映画は結末がどうなるのかは示さずに終わる。しかし、家庭内の結びつきができたからといって、ハッピーエンドにはならないだろう。あの子は意識が戻るかはわからないし、データを消去した元警官の父親とその息子は罪に問われるだろう。iPad内のデータはツールで消したけれど、誰かスクショとかで残してあるとか何か手がかりは残っているだろうから。

ネットを使っている中で、突然、自分の意図しない方向には歯車が回転する。自分としてはその時は特に問題も感じずに行った行為が、もう戻れない結果を引き起こしてしまう。自分の過去の投稿とかを思い返して、そんな内容があっただろうか、と考え、ちょっとそら恐ろしくなったりもする(これ脱線)
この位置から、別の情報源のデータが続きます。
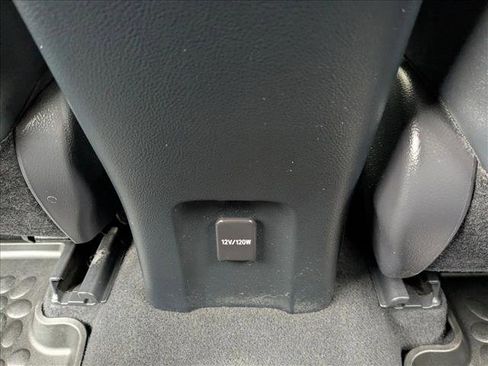 Used 2019 Toyota Prius Prime Premium image 18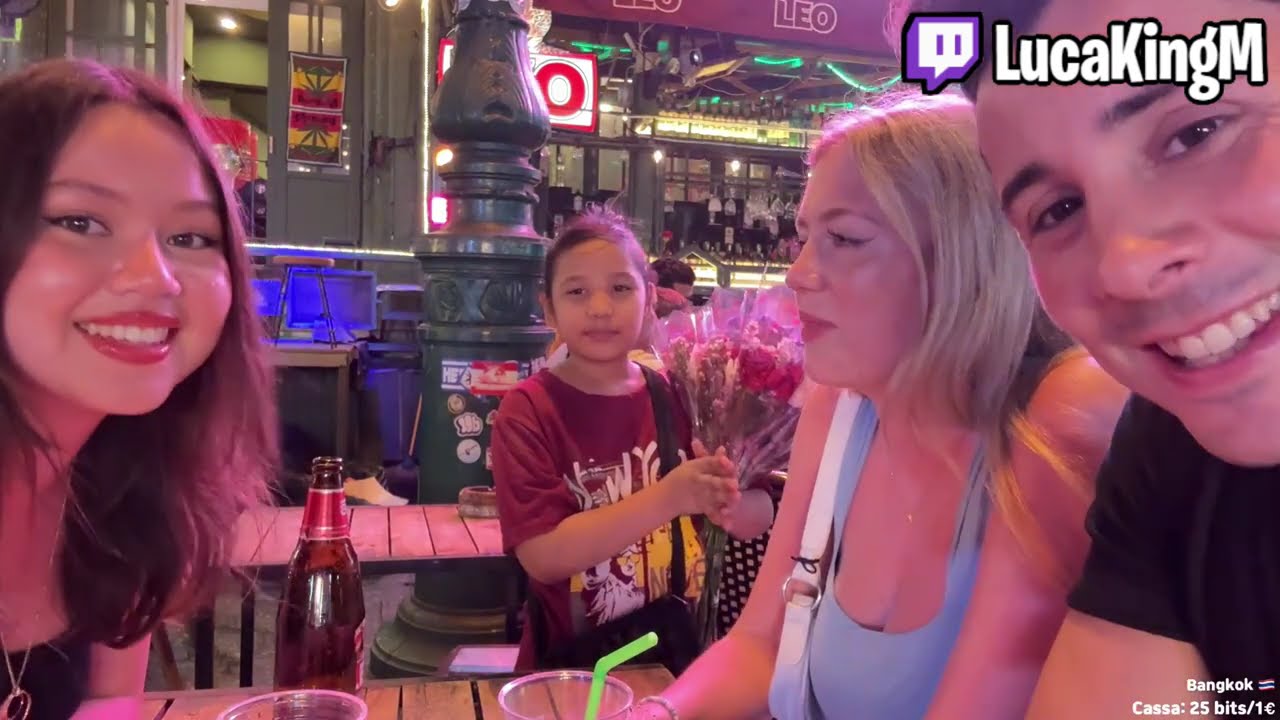 LucaKingM alle prese con delle turiste a Bangkok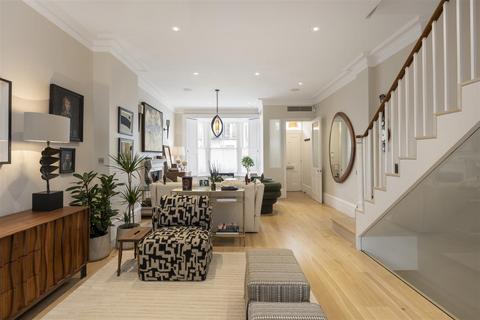48 Lamont Road, London, SW10 0HX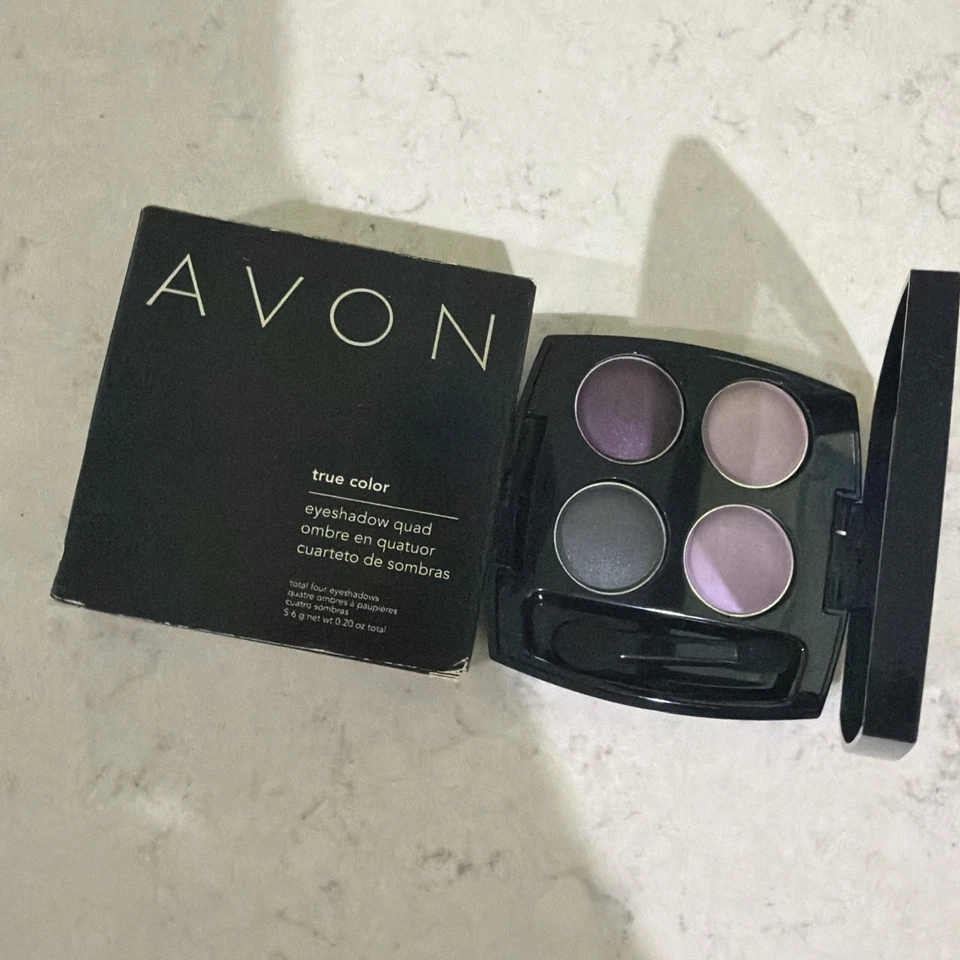 Avon True Color Eyeshadow Quad: Purple Haze Q708 Discontinued - Image 2 of 4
日本国内で、ネットモラル・危険回避のための啓発ビデオも幾つか制作されていて、それを学校の教材として利用している(某教会の社会貢献としてつくっているものとか)されているものよりも、日本のティーンや保護者にとって、はるかにリアリティあふれる映像と内容となっている。

この映画の日本版リメイクもできるのではないだろうか。そうしたらこの映画とは異なった日本独自の様相が現れるだろう。例えばツールにしてみれば、会話のやり取りはFacebookではなくLINEで、そして自撮りしてビデオコミュニケーションするにはツイキャスがでてくるとか。。

これが上映されている映画館が全国でもあまりに少ないのが残念だ。親とか学校の先生は、今のネット社会のフツーの光景として、絶対に見て欲しい映画だ。